Charles Burles (21 June 1936 – 22 August 2021) was a French lyric tenor, primarily associated with the French repertory, both opera and operetta.

== Life and career ==

Burles was born in Marseille, France, and as a child was taken to see opera by his father, an amateur musician and clown who worked on the local tram system. He undertook vocal studies there with Léon Cazauran. He made his stage debut in 1958, in Toulon. The following year he appeared at the Opéra de Marseille, as Almaviva in Il barbiere di Siviglia.

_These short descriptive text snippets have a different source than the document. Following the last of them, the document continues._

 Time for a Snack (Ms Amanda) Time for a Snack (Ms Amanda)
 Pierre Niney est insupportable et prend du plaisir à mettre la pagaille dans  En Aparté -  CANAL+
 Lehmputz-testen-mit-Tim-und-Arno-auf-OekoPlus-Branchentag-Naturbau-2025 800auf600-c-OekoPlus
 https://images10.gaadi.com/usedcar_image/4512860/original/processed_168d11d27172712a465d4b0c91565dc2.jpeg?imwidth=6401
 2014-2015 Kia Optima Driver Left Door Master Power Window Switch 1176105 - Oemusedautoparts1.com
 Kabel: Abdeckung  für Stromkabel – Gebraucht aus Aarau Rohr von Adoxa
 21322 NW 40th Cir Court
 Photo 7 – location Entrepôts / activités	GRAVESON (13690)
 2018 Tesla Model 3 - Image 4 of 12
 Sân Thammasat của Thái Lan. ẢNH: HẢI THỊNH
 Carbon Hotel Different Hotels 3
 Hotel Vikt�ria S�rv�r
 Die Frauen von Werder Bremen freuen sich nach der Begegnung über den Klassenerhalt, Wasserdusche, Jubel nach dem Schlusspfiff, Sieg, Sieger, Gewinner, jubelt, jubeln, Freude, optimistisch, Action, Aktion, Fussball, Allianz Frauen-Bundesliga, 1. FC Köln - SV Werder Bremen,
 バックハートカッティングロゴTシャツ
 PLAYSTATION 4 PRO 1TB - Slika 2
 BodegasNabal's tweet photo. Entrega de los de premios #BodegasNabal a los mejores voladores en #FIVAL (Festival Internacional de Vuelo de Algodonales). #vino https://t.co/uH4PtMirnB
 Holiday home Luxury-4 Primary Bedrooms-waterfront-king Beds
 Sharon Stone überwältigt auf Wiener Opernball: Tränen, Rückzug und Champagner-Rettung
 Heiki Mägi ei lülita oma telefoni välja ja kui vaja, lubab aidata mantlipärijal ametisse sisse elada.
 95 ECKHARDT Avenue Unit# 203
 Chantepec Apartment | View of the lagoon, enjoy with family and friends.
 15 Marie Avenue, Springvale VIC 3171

In the ensuing years, after national service, he sang mainly in Marseille expanding his repertory, with a few guest appearances in Lyon, Turin, and Venice. He made his debut at the Opéra-Comique in 1970 in Rameau's Zoroastre, and at the Paris Opéra in 1971. His roles at these two houses included: Lindoro, Nemorino, Ernesto, George Brown, Chapelou (which he also sang in many theatres around France), Vincent, Nadir, Gérard, Tonio, Arturo, etc. He also sang in several Jacques Offenbach operettas, and appeared in Belgium, Holland, Switzerland, and Israel. He created roles in Goya by Aubin (Lille, 1974), and L'Annonce faite à Marie (Paris, 1970) by Rossellini (1970).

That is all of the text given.